A Note on Using Log-Likelihood for Generative Models

One of the things that I find is usually missing from many ML papers is how they relate to the fundamentals. There's always a throwaway line where it assumes something that is not at all obvious (see my post on Importance Sampling). I'm the kind of person who likes to understand things to a satisfactory degree (it's literally in the subtitle of the blog) so I couldn't help myself investigating a minor idea I read about in a paper.

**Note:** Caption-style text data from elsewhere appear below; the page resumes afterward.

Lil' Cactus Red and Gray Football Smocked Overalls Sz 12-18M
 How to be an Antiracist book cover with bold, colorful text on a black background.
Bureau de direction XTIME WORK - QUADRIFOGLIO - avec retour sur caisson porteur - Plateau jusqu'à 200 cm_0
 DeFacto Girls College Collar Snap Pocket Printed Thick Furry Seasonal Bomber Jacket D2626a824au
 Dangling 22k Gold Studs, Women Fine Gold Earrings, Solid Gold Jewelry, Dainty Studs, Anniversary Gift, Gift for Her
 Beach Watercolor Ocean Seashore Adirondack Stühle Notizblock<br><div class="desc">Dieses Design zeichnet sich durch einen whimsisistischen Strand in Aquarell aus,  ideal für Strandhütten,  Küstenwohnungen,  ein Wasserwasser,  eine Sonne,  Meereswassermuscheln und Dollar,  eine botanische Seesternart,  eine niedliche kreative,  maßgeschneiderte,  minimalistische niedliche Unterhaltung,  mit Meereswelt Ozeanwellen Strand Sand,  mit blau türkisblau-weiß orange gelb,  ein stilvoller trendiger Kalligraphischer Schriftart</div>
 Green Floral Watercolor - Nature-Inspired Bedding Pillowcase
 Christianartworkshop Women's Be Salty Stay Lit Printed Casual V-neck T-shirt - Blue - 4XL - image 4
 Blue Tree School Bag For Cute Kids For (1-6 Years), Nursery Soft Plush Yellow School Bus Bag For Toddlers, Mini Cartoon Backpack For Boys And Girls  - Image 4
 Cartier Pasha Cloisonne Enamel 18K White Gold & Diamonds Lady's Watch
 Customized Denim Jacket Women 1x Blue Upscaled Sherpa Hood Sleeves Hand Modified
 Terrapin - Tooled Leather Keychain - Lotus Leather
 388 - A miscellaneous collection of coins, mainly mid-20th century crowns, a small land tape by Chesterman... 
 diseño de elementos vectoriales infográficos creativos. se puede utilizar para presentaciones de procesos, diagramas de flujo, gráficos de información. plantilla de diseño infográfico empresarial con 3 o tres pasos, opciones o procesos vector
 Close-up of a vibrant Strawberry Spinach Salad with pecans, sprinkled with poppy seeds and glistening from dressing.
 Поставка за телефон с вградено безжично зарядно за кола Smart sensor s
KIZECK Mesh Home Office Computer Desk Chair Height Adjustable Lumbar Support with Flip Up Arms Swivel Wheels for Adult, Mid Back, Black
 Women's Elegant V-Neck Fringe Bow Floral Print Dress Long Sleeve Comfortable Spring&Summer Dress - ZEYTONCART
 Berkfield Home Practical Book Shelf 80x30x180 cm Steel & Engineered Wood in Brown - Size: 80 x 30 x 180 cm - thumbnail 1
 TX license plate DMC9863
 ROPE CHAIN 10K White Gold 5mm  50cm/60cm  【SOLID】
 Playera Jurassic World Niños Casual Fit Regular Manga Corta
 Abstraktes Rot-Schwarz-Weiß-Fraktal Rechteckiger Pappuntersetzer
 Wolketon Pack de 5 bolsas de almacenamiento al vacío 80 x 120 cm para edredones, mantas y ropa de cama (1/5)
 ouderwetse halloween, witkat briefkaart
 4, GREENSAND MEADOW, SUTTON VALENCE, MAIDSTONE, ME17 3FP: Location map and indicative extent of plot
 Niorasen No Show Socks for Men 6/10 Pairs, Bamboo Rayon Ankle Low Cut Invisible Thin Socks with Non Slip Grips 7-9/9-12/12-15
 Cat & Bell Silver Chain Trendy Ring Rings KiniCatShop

This post investigates how to use continuous density outputs (e.g. a logistic or normal distribution) to model discrete image data (e.g. 8-bit RGB values). It seems like it might be something obvious such as setting the loss as the average log-likelihood of the continuous density and that's almost the whole story. But leaving it at that skips over so many (interesting) and non-obvious things that you would never know if you didn't bother to look. I'm a curious fellow so come with me and let's take a look!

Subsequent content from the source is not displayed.